The universal rules apply on me and the universe provides for me just like it provides for the butterfly or the bat or the snake. The universe- god- gives them exactly what they need to survive, the right color, the right shape, the right digestive system, puts them in the right environment. You never find a polar bear or a penguin in the desert, everything is so perfectly right for their survival, and then I will realize that god will also provide for my survival and whatever I need to 'be'. Maybe I am transforming from a worm to a butterfly. Maybe this is the pain of birth. 

More Christmas ramblings

Israeli young soldiers brought up a lot of different feelings in me , especially the women. 

When i studied in Jordan i used to go back and forth in the holiday to the west bank, one of these times, i was in my 2nd year. 

I took back my books with me, and i had photos, me and the girls partying in the student hostel. i remember that the soldier who searched me was a beautiful young man - an Israeli soldier- who was exactly my age, he saw my books and he was pleasantly surprised, he was too in his second year studying computers and he had the same books, i felt that he was in pain for having to be in theses positions, he looked at the pictures and i felt the way he was looking was so engaged, like we could be very good friends. 

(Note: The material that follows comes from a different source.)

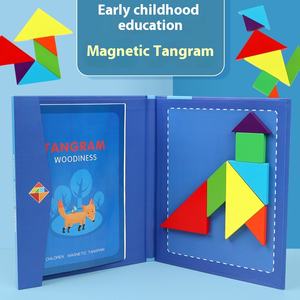 Giocattolo intellettuale colorato <span class=keywords><strong>per</strong></span> bambini 3D Tangram in legno giocattolo <span class=keywords><strong>per</strong></span> l'<span class=keywords><strong>insegnamento</strong></span> della scuola materna - Product Image 6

Later the books and pictures went to the room where ‘they’ go through every piece of paper. They gave me back my stuff after waiting for a couple of hours. They confiscated a couple of the pictures, ones we were having a birthday in one of the dorm rooms which had a map of Palestine on the wall - i felt sorry for them, they are scared of a picture on the wall in a picture, isn’t that sad? i imagine myself in their shoes, which is very hard. in the jissir i play in my mind with the idea that it could've been easily the other way around, i could be the one in the uniform, you know sometimes when i was a kid i used to wish i was on the other side, but then it wasn’t long before i realized i am so lucky that i am on this side. Imagine the amount of work they have to do to shut up their conscience and humanity, imagine the fear they feel. 

Now the female soldiers, oh my god - the amount of complexities i had around that, fear, despise, jealousy, rage, i can name so many conflicting feelings   - i cannot forget how bad they treated me (us). I think the scars from the humiliation and attempts to break our spirit are now part of my construction.  My heart goes out to the people in Palestine - I sometimes used to feel like a coward because i am not there in solidarity., but my mom says that that is not fair thinking and that I might be more helpful to the cause by being in the west. 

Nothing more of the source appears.